For many, the critical issue is whether the improvements pay for themselves.

"We looked very closely at what was cost-effective and what wasn't,'' said Bill Karges, co-owner of the Karges-Faulconbridge engineering firm, the first project in the state to receive LEED's gold certification for existing buildings.

ROOM FOR INNOVATION
From the 16 rubber-ball plants at Flannery Construction's entrance (no water needed) to the solar-tube skylights in bathrooms, comparatively little upkeep or energy is necessary.

"That's just a simple way to provide light,'' said Jamey Flannery, a company project manager, pointing to tubular skylights that funnel light from the roof, enhance and reflect it, and then shoot it into bathrooms. All the enhancements added an estimated 6 percent to the cost.

As she walked through the building, she pointed to one feature after another: heated floors from solar heating, motion light sensors, and recycled newspaper and resin ceiling insulation.

"This building is 37 percent more energy-efficient,'' she said.

It's not just new buildings that are going green. Existing ones are, too.
Karges-Faulconbridge was looking for a new location when a secretary at the firm noticed an abandoned grocery store in Roseville.

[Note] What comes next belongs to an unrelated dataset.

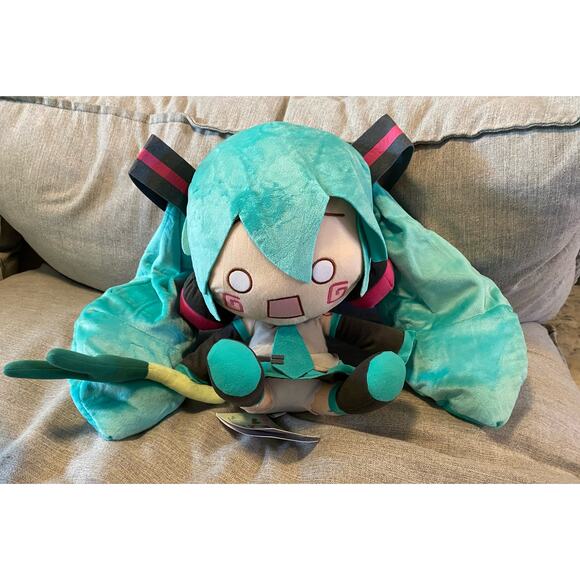 Official Hatsune Miku Stunned Face w/ Leek/Green Onion Plush SEGA - Picture 6 of 8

In short order, KFI, as the company is called, bought the building and began looking at ways to make it more energy-efficient. It ran across the LEED program and decided to pursue certification.

"We felt we could design a building that is energy-efficient and cost-effective as well," said Chris Nelson, a KFI mechanical engineer.

The old parking lot was ripped up. A geothermal heating and cooling system, with 48 circulating pipes going down 200 feet, was installed. The new, smaller parking lot drains into a prairie garden and retention pond that collects and filters runoff. Inside, recycled rubber or carpet covers the floor. Natural light is emphasized. In addition, waterless urinals are being tested, contributing to a 70,000-gallon annual savings in water.

Karges said each improvement was designed for paybacks within 5½ years. But he cited an additional benefit: "Our employees love the building.''

A Critical Mass
The trend toward green-building construction should only pick up, according to Carmody and others.

Initial construction costs for going green may be slightly higher, but the premium isn't nearly what it used to be and often is quite small, according to Eijadi. It's also easier to determine how soon the savings payback will occur.

For companies that expect to own their buildings for a long time, the rewards of lower energy costs are clear. The advantage is less so for those that expect to sell buildings quickly.

Resale value, however, should be better with such improvements, according to Flannery.

Increasingly, architects are gearing up to meet the interest. In recent years, they've spent more time on green-building design, with schools also paying more attention, according to Eijadi.

"For the last five or six years, architectural students have been clamoring for more emphasis on sustainable design,'' Eijadi said.